- WORK INSTRUCTION
Beneath this task are the entries; from the line with "Campbell Modern Tartan" through the last one, transcribe every line exactly and nothing else, skipping pictures.

(EXTRACTED INFORMATION begins)

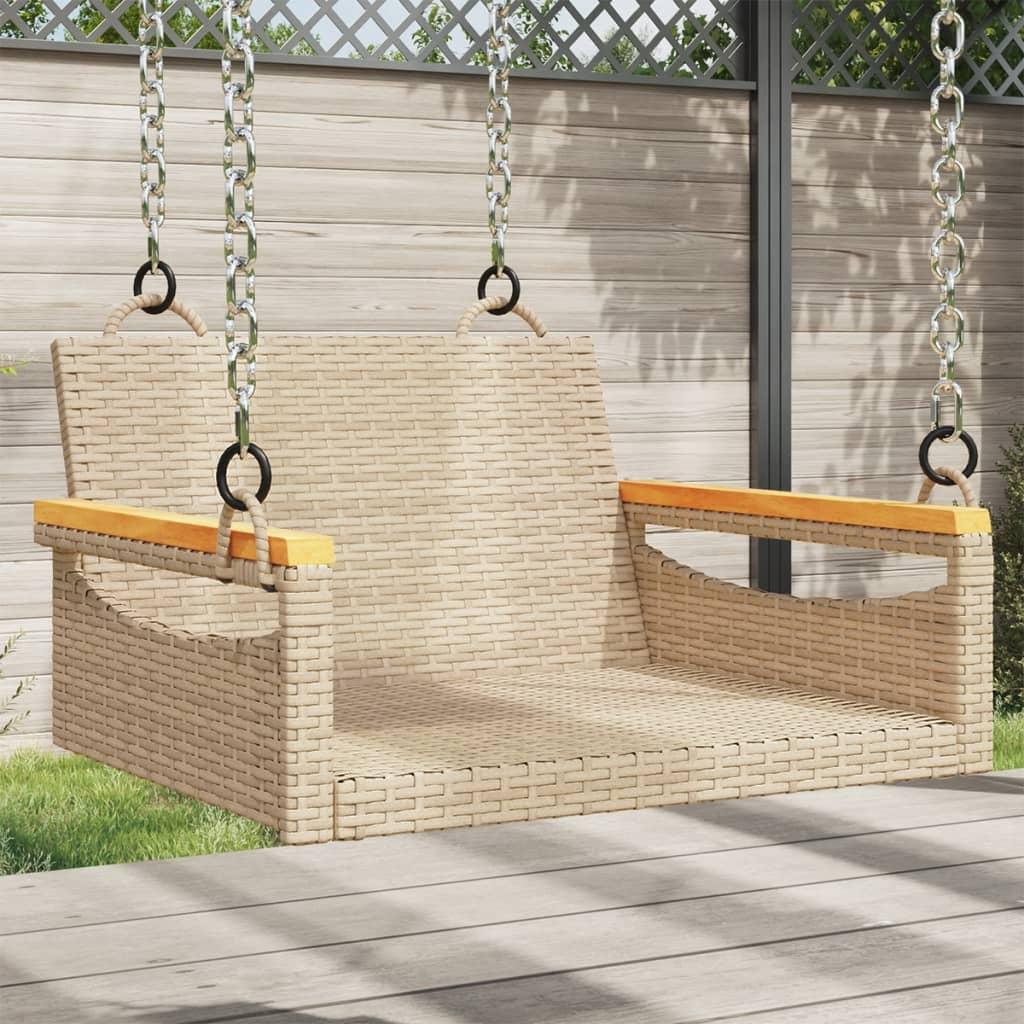 Gyngebænk 63x62x40 cm polyrattan beige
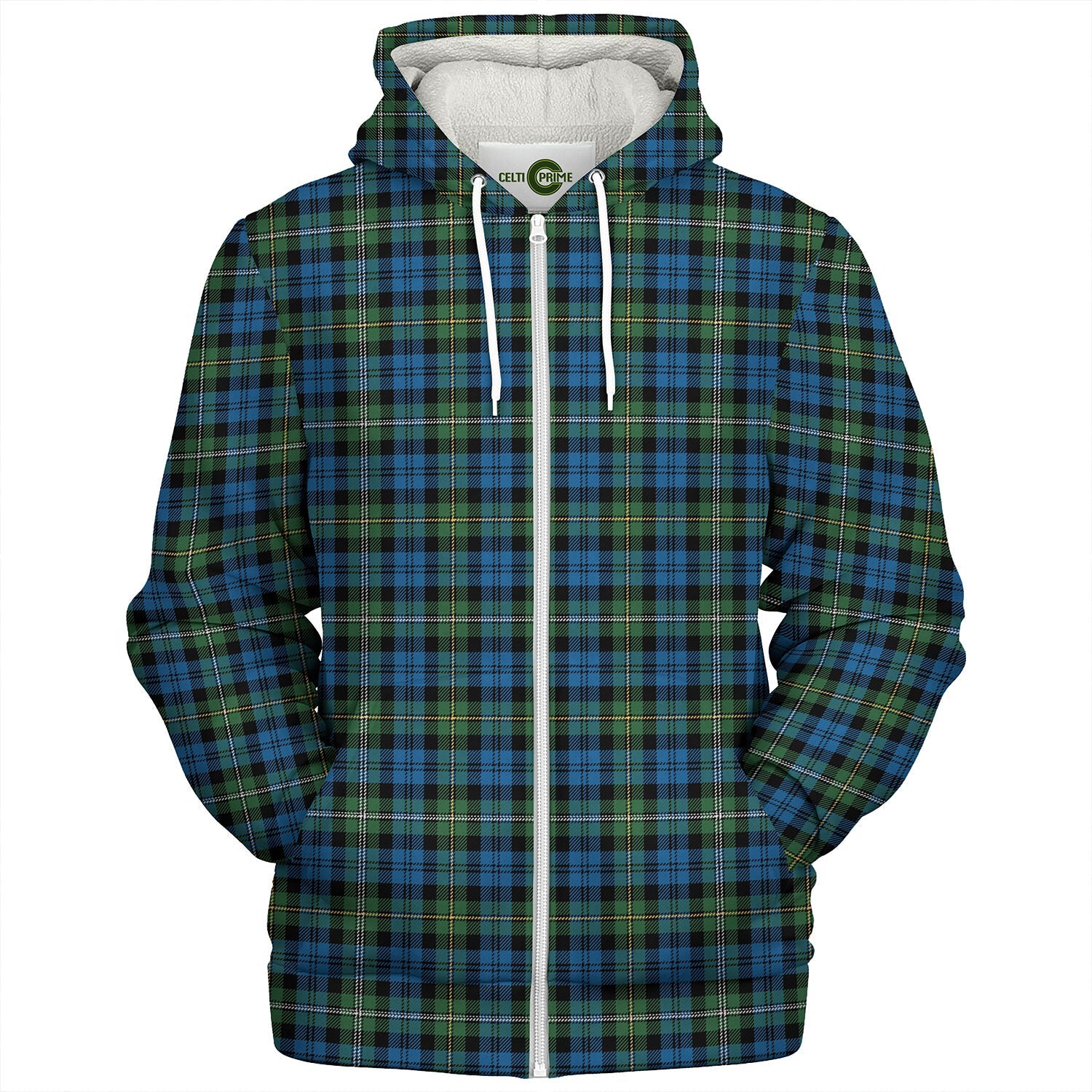 Campbell Modern Tartan Hoodie - Lion Rampant And Celtic Thistle Style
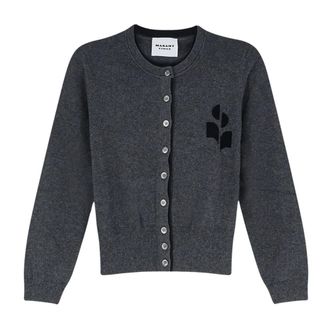 Isabel Marant Truien & Vesten, Dames, Grijs, XS, Katoen, Lona Logo Cardigan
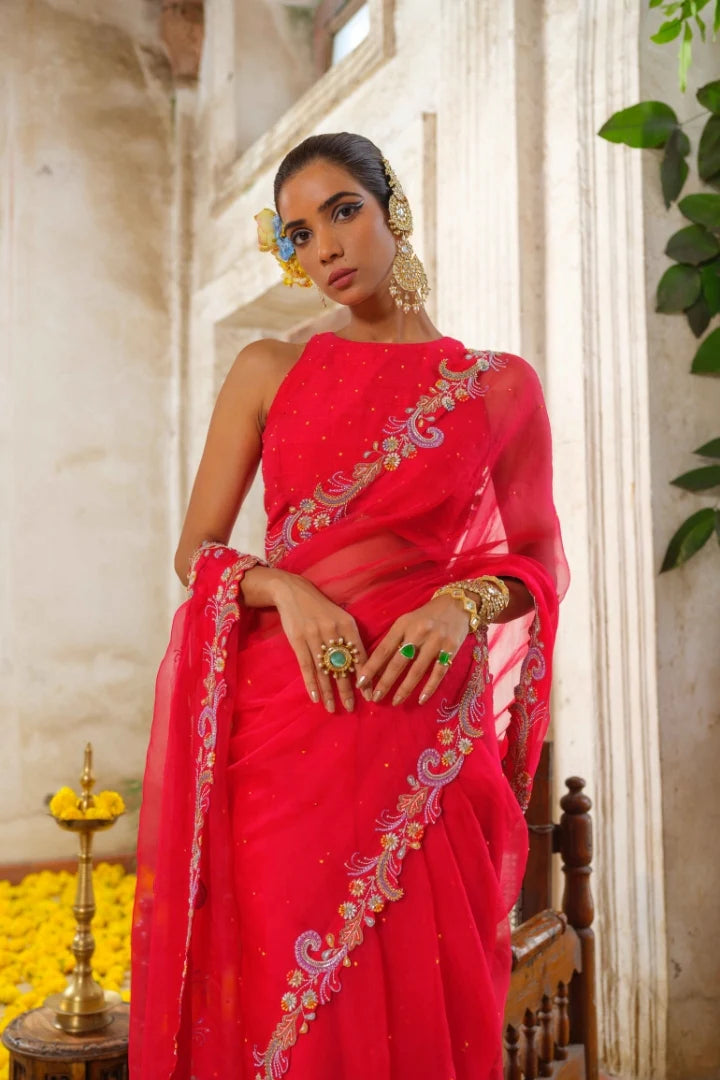 Red Organza Saree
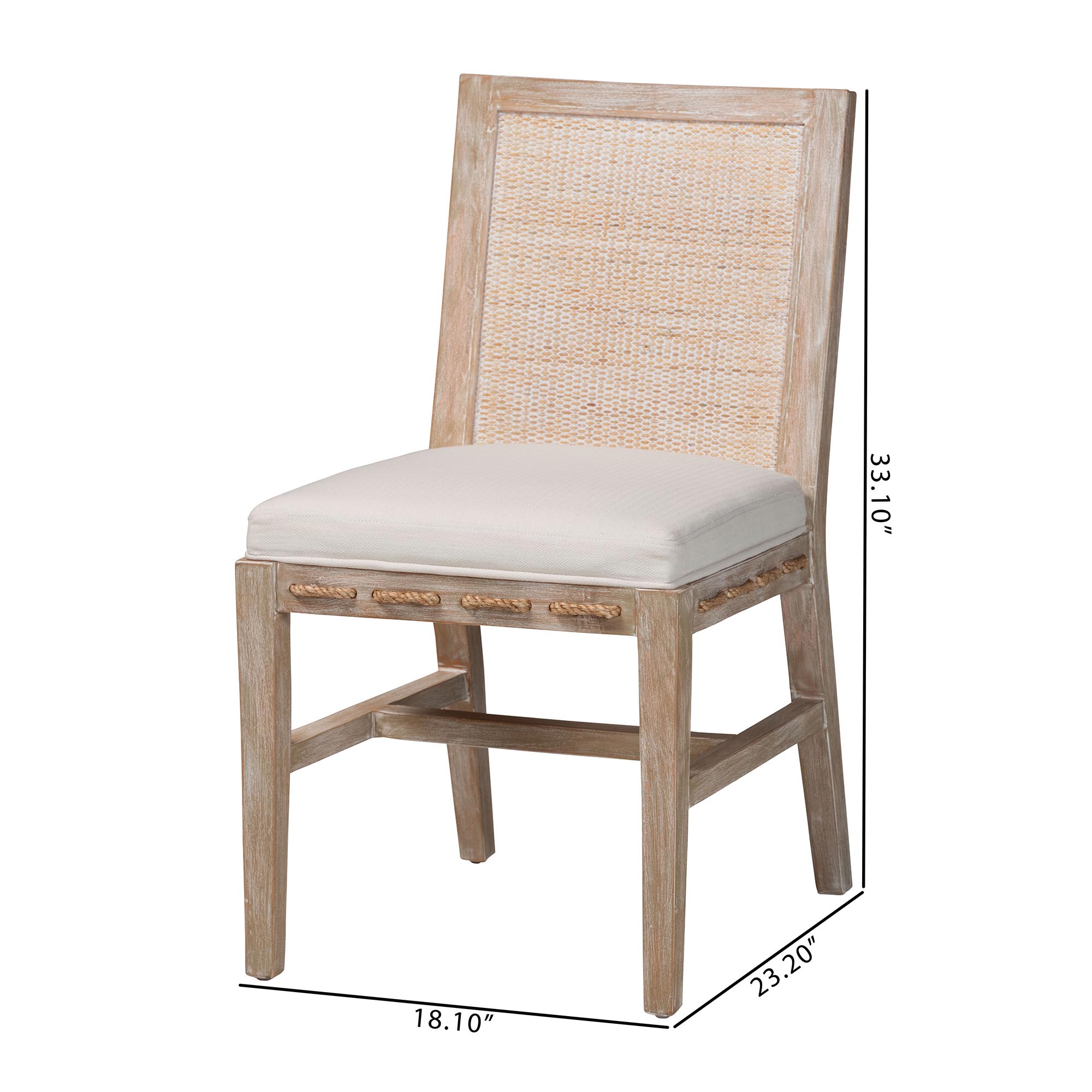 bali & pari Ashford Whitewash Rattan Dining Chair - Mahogany Wood Frame with Handwoven Wicker Backrest and Braided Rope Inserts for Coastal Dining Room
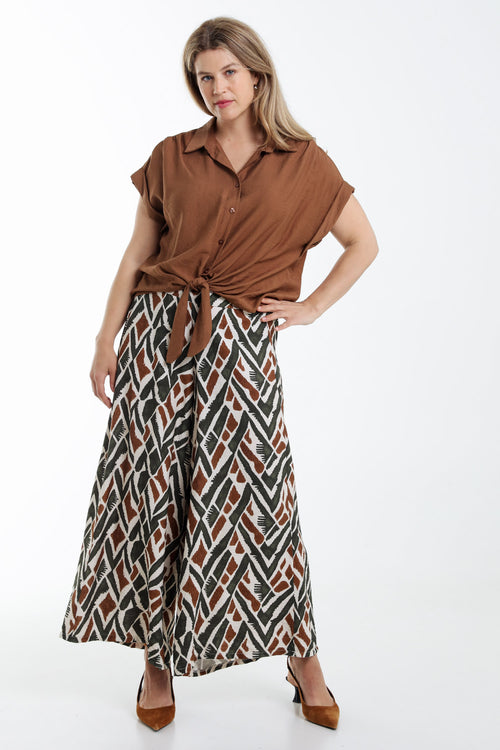 Pantalon large en viscose imprimé ethnique-Paprika-8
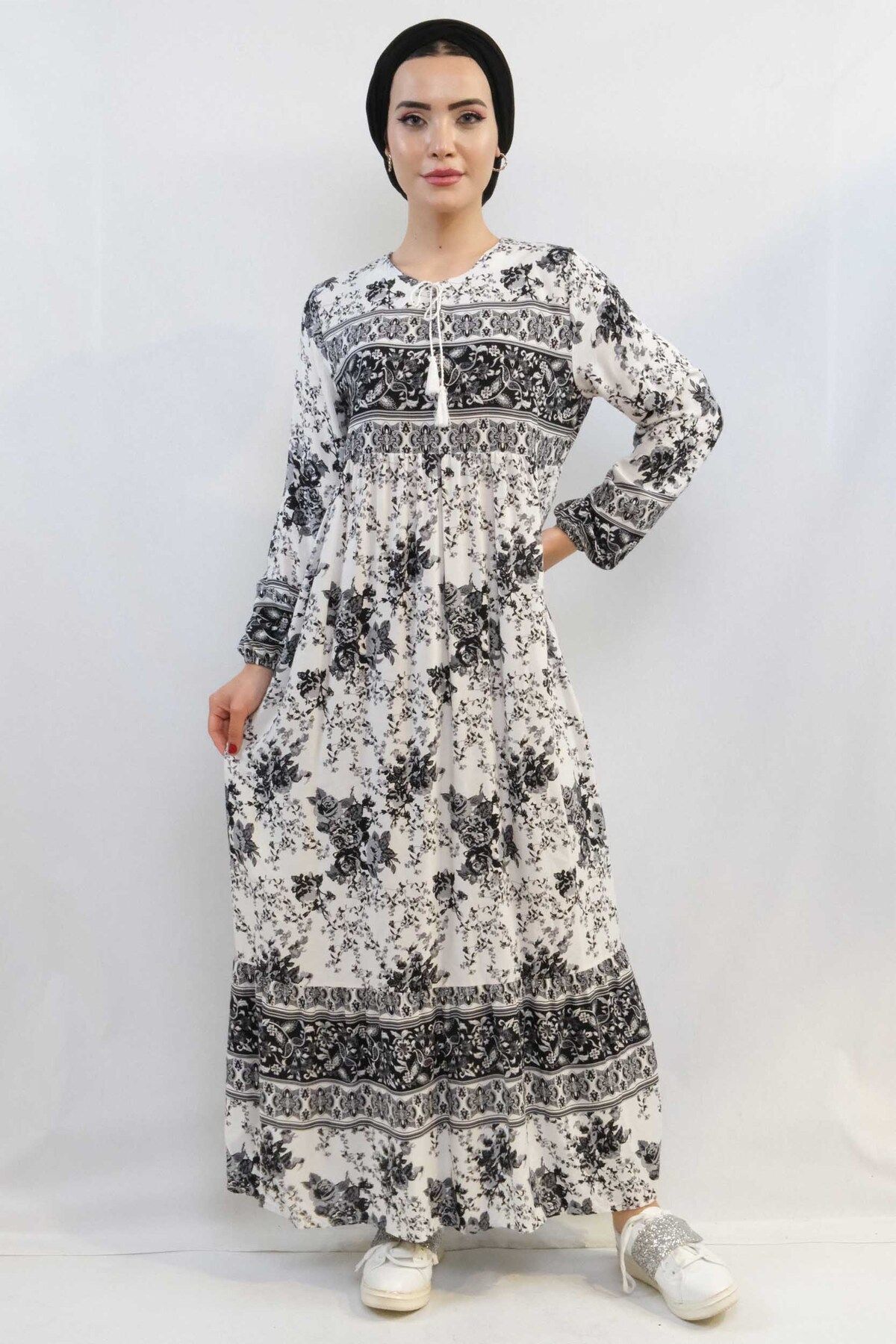 COXO Fashion`S Moda Çizgi Ethnic Pattern Dress Black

(EXTRACTED INFORMATION ends)

- EXERCISE RESPONSE
 Campbell Modern Tartan Hoodie - Lion Rampant And Celtic Thistle Style
 Isabel Marant Truien & Vesten, Dames, Grijs, XS, Katoen, Lona Logo Cardigan
 Red Organza Saree
 bali & pari Ashford Whitewash Rattan Dining Chair - Mahogany Wood Frame with Handwoven Wicker Backrest and Braided Rope Inserts for Coastal Dining Room
 Pantalon large en viscose imprimé ethnique-Paprika-8
 COXO Fashion`S Moda Çizgi Ethnic Pattern Dress Black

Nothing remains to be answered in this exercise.